Transmission Range Sensor
The Neutral Safety Switch and the Transmission Range Sensor are protection devices used to prevent starter operation in all gears other than Park and Neutral. The sensors are a member of the starter control circuit and inform the TCM of the current gear selection. Use a high impedance 10 megohm digital multimeter to check voltage and resistance on the TR sensor.
Voltage should be present at this switch when the ignition switch is turned to the start position. With any other gear position other than Park or Neutral (R, D, D1, D2), the starter circuit is open, and voltage is prevented from engaging the starter motor.
If there's a no-start condition, the switch can be tested using a voltage meter. Back probe the "voltage out" wire while someone turns the ignition. Check for battery voltage at the wires leading to the starter circuit in the Park and Neutral positions. If there's voltage coming into this switch and no voltage coming out in the Park and Neutral positions, replace the neutral safety switch. The neutral safety switch often has the backup lamp incorporated in its design.
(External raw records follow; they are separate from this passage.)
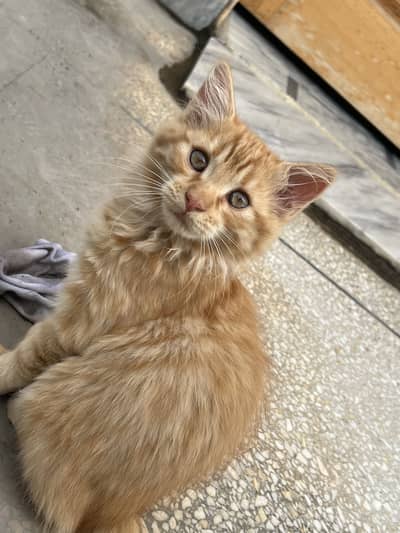 Persian kittens dol face good quality and healthy
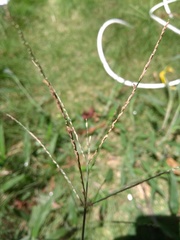Digitaria horizontalis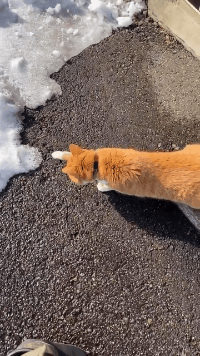 有网友以表情图片来比喻想象中南方朋友见雪的样子.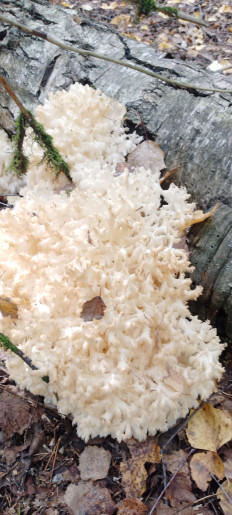 Гриб из Метели, Республика Башкортостан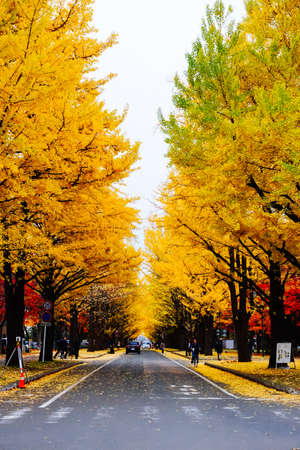 Autumn season colorful of tree and leaves  in Japanの写真素材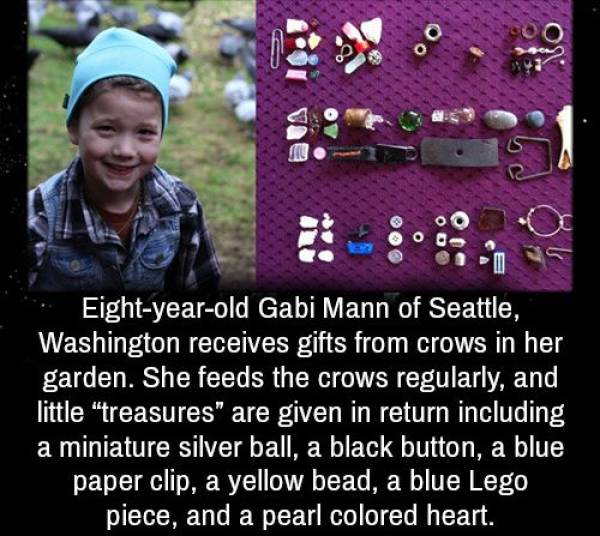 funny pictures - Eight year old Gabi Mann of Seattle, Washington receives gifts from crows in her garden. She feeds the crows regularly, and little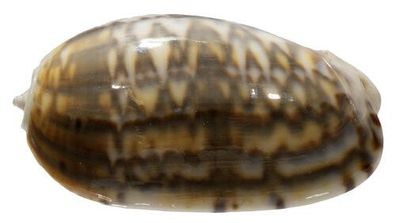 Oliva Bulbosa von 39mm bis 45mm
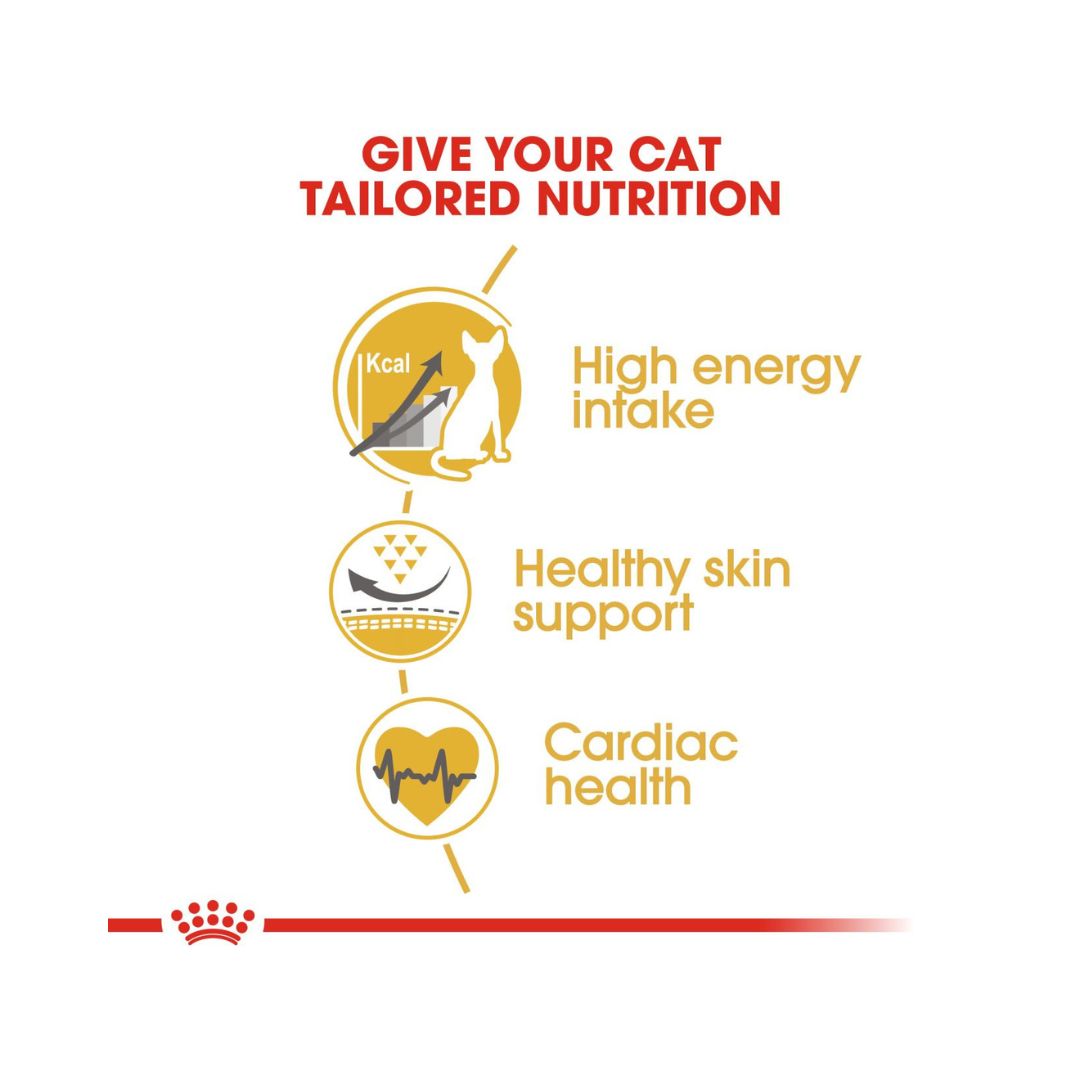 Shop Royal Canin Sphynx Adult Cat Dry Food - Food Benefits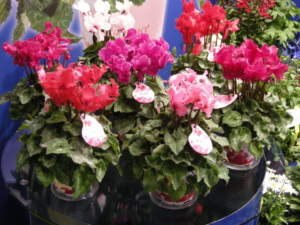 garden center ciclamini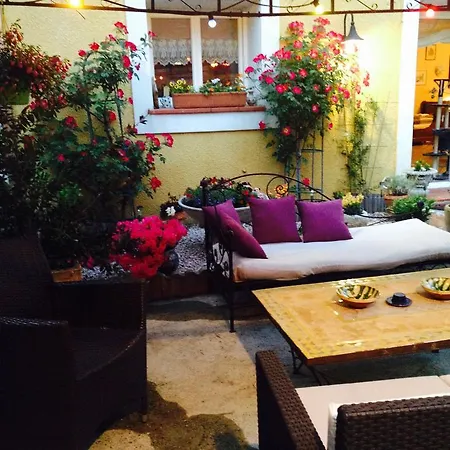 Chez Martine Cote Jardin Appartement Carcassonne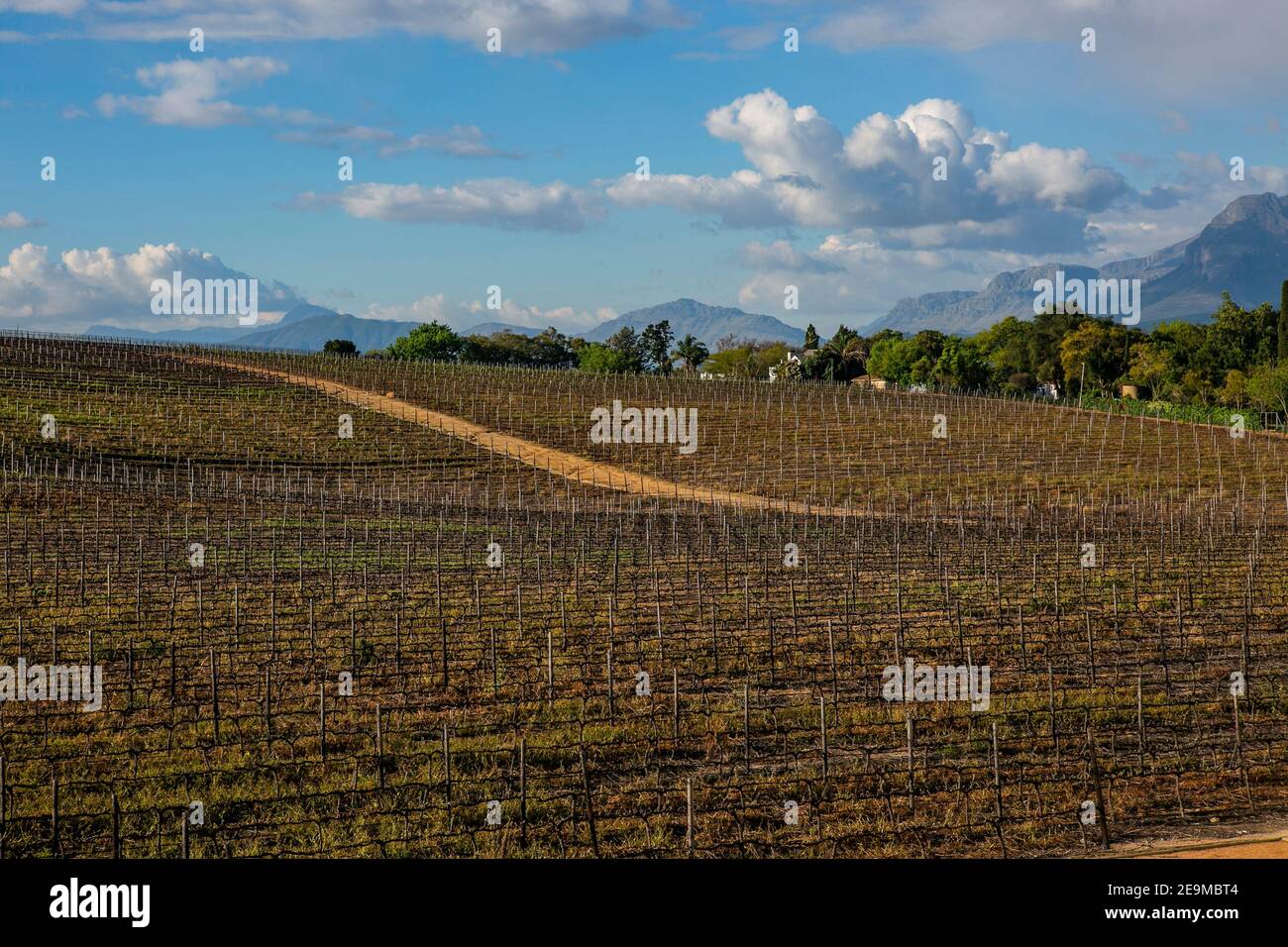 Vineyards in Stollenbosch of Western Cape Province, South Africa Stock Photo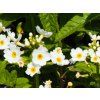 Primula japonica (2)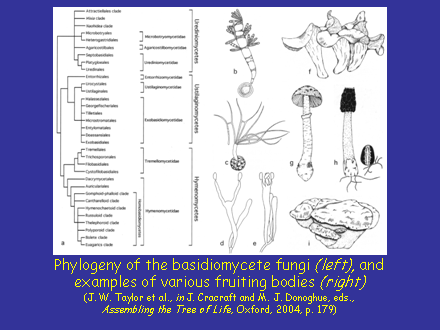 Slide #12. Phylogeny of the basidiomycete fungi (left), and examples of various fruiting bodies (right) (J. W. Taylor et al., in J. Cracraft and M. J. Donoghue, eds., Assembling the Tree of Life, Oxford, 2004, p. 179)
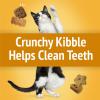 imagePurina Friskies Cat Treats Party Mix Cheezy Craze Crunch  Pack of 10 21 oz Pouches6 Ounce Pack of 6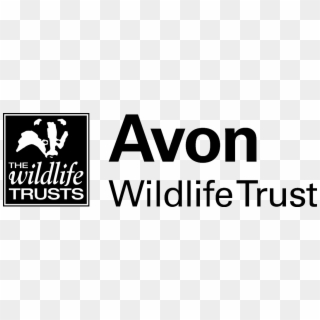 Avon Wildlife Trust Logo, HD Png Download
The Transmission Range Sensor is part of the transmission computer control system found on late-model vehicles. It can be analog or digital. Both of these are diagnosed with a scan tool. An analog transmission range sensor has a series of resisters that reduce the voltage signal returned to the PCM and can be tested for proper resistance with an ohmmeter.
Resistance measurements are taken and compared to the manufacturer's specifications. A faulty neutral safety switch or transmission range sensor will result in a no-start condition, as well as no backup lamp operation.